Climate groups say a change in coding can reduce bitcoin energy consumption by 99%

Original publication by Dominic Rushe for on 29 March 2022

A simple switch in the way transactions are verified could reduce bitcoin’s energy-guzzling mining habits

A facility that once was used by the Alcoa coal power plant now provides electricity for the Whinstone US bitcoin mining facility in Rockdale, Texas.
Photograph: Mark Felix/AFP/Getty Images 

Bitcoin mining already uses as much energy as Sweden, according to some reports, and its booming popularity is revitalizing failing fossil fuel enterprises in the US. But all that could change with a simple switch in the way it is coded, according to a campaign launched on Tuesday.

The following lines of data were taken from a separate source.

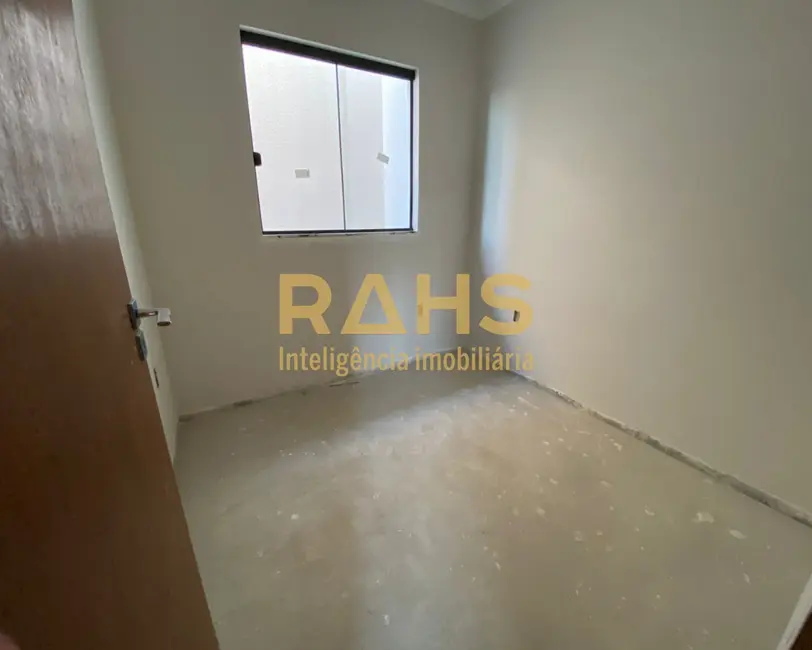 Foto 7 de Casa com 3 quartos à venda, 85m2 em Aventureiro, Joinville - SC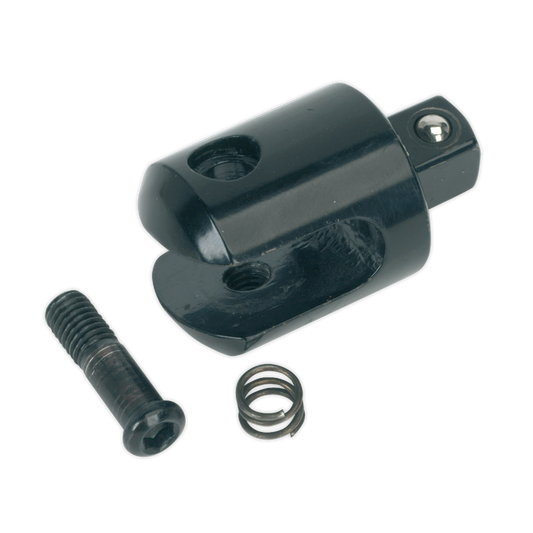 Sealey 1/2" Square Drive Knuckle For AK730 & AK7302 Drive Breaker Bars AK730/RK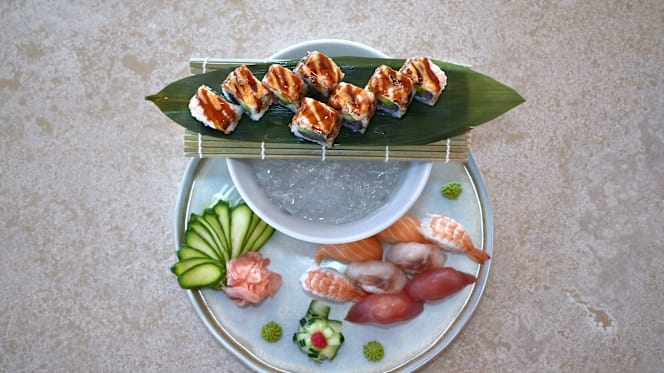 Ristorante Bagno Elena - 4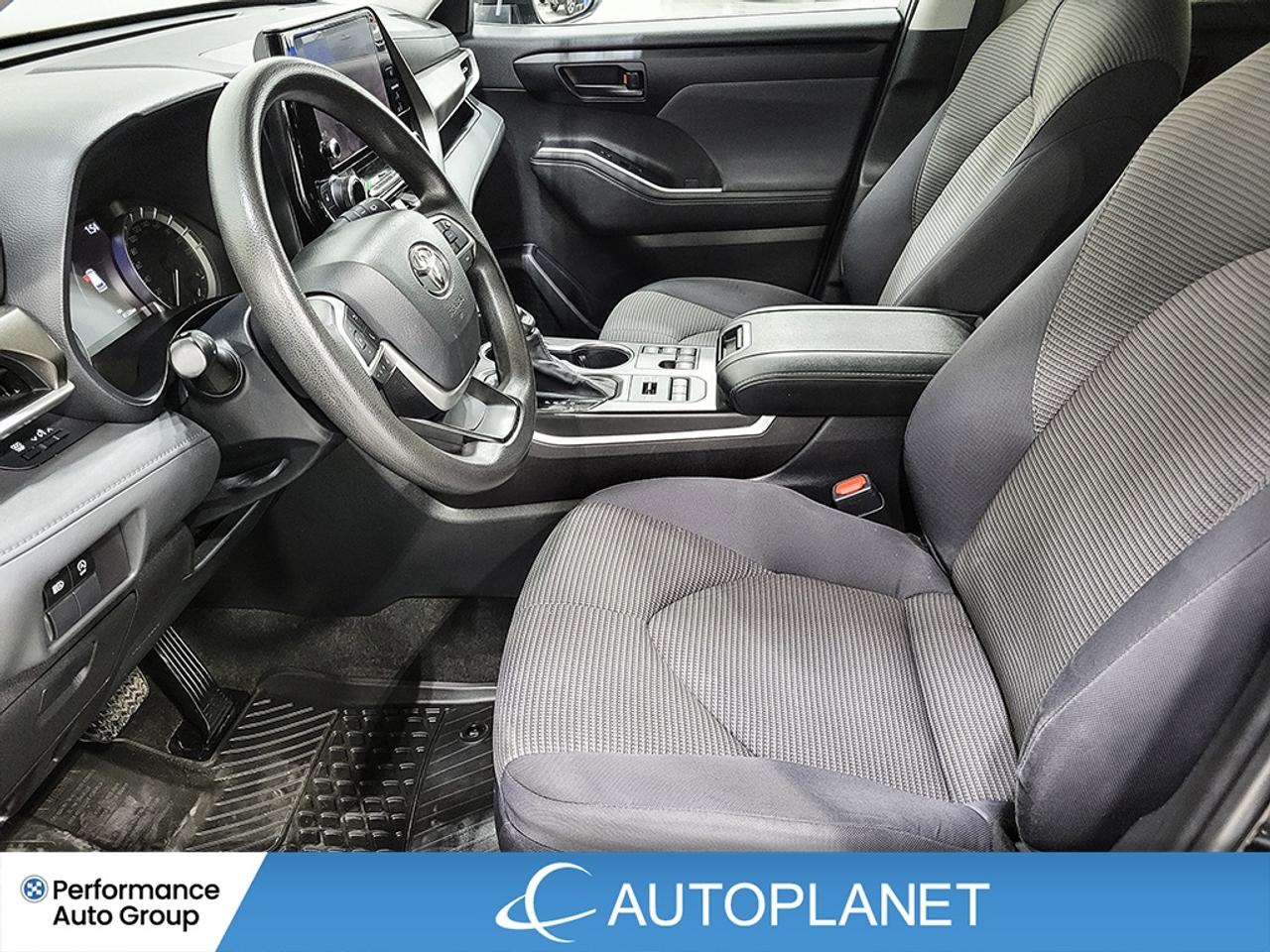 2023 Toyota Highlander LE AWD - FINANCE @$142/WK OR LEASE @$157/WK Photo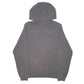 Mens Black Nike  Hoodie Jumper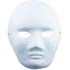 Craft Paper Mask Man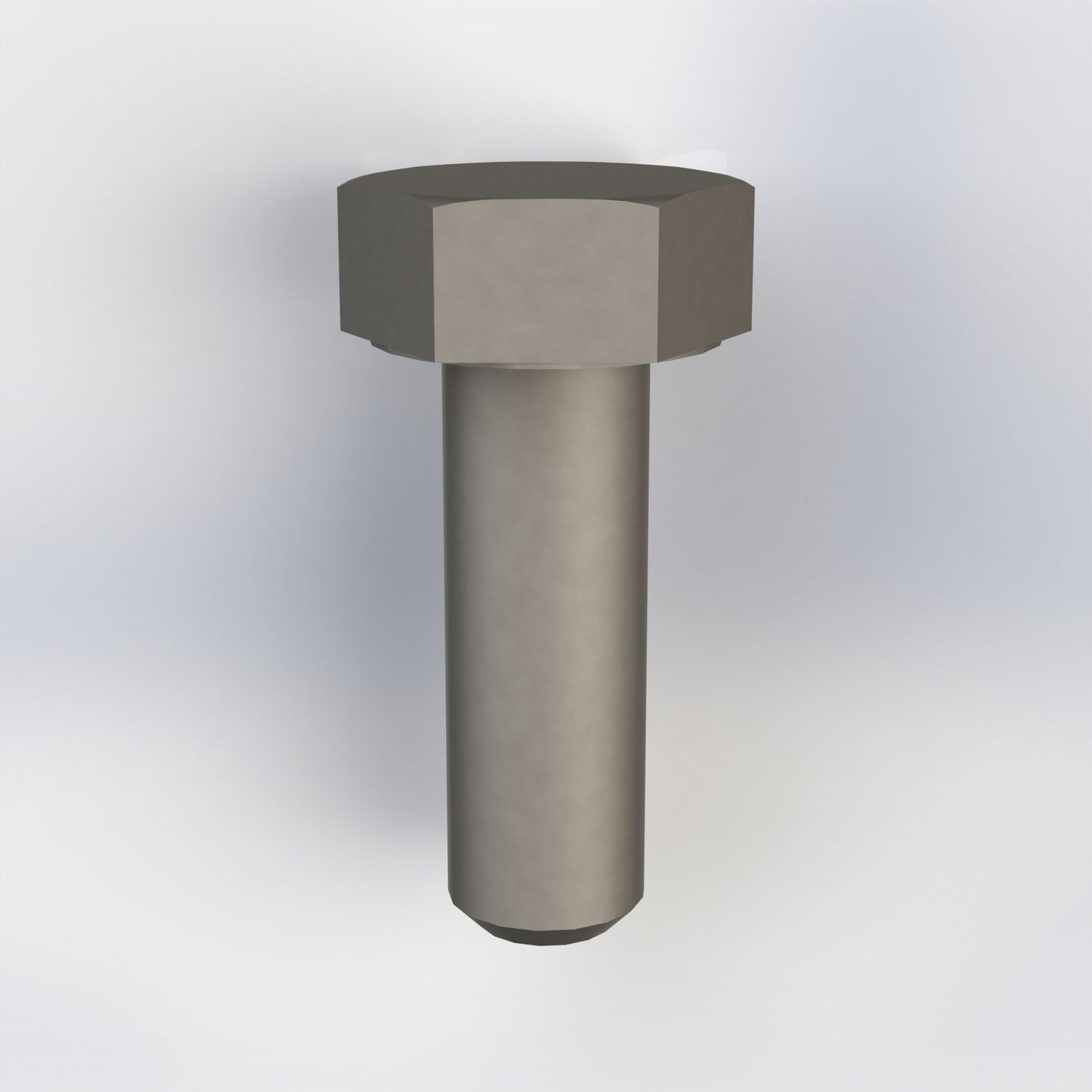 Tornillo din 933 10x30 10.9 dc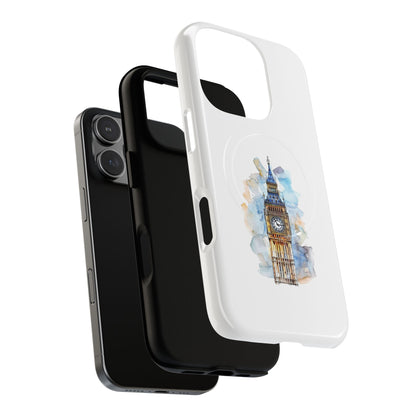 Durable Phone Cases with Iconic Designs, Tough Magnetic Cases, Protective Accessories, Phone Cover with Art, Stylish Tech Gifts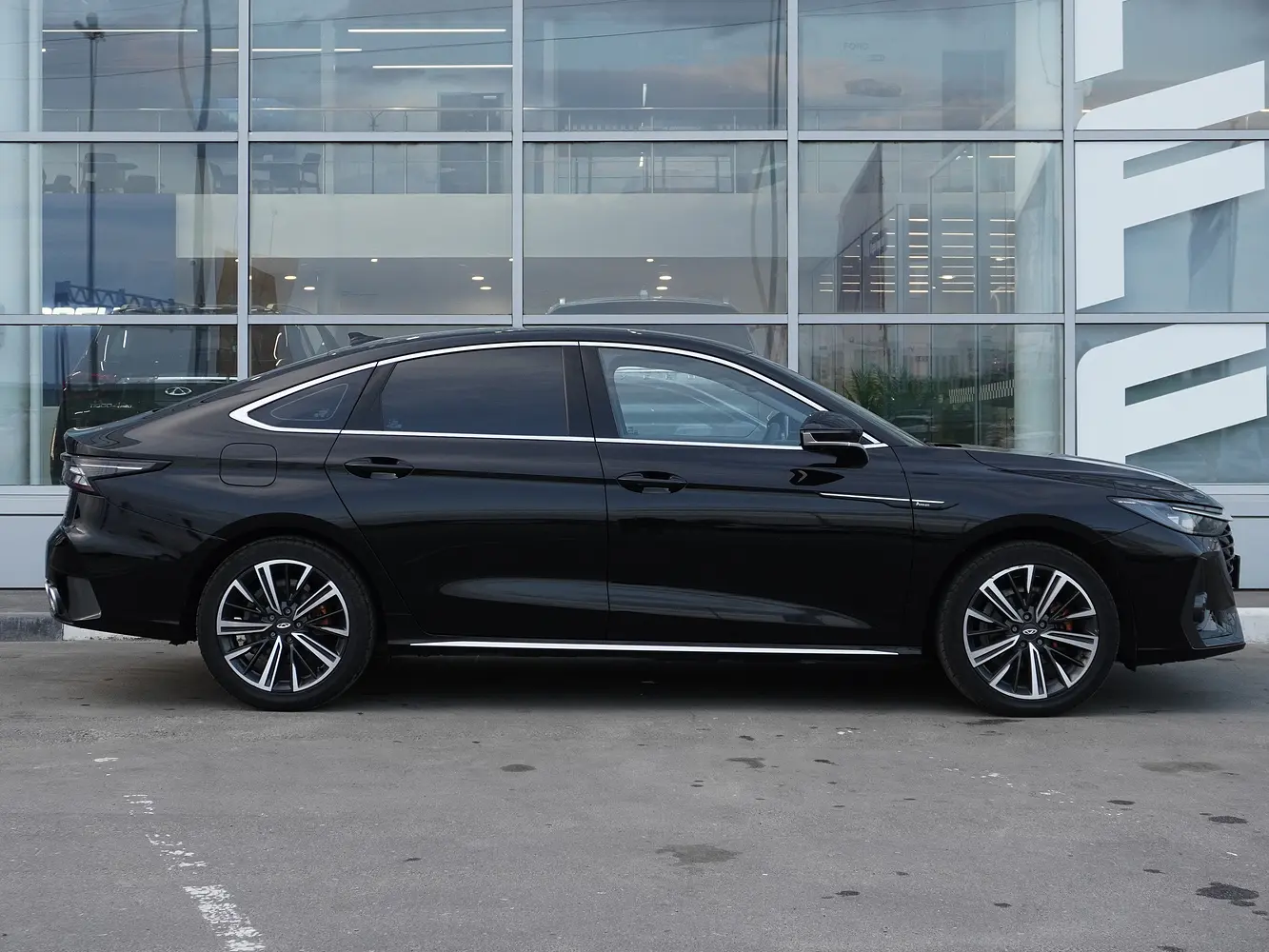 Chery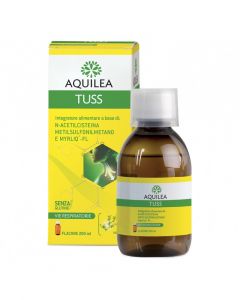 Aquilea Tuss 200 Ml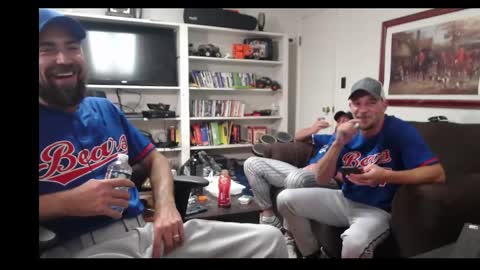 hardworkertn online show from April 17, 2026, 1:19 am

The campaign, called Change the Code Not the Climate and coordinated by Environmental Working Group, Greenpeace USA and several groups battling bitcoin mining facilities in their communities, is calling on bitcoin to change the way bitcoins are mined in order to tackle its outsized carbon footprint.

The software code that bitcoin uses – known as “proof of work” – requires the use of massive computer arrays to validate and secure transactions. Proof of work is a way of checking that a miner has solved the extremely complex cryptographic puzzles needed to add to the bitcoin ledger.

Rival cryptocurrency etherium is shifting to another system – “proof of stake” – that it believes will reduce its energy use by 99%. In the proof of stake model, miners pledge their coins to verify transactions; adding inaccurate information leads to penalties.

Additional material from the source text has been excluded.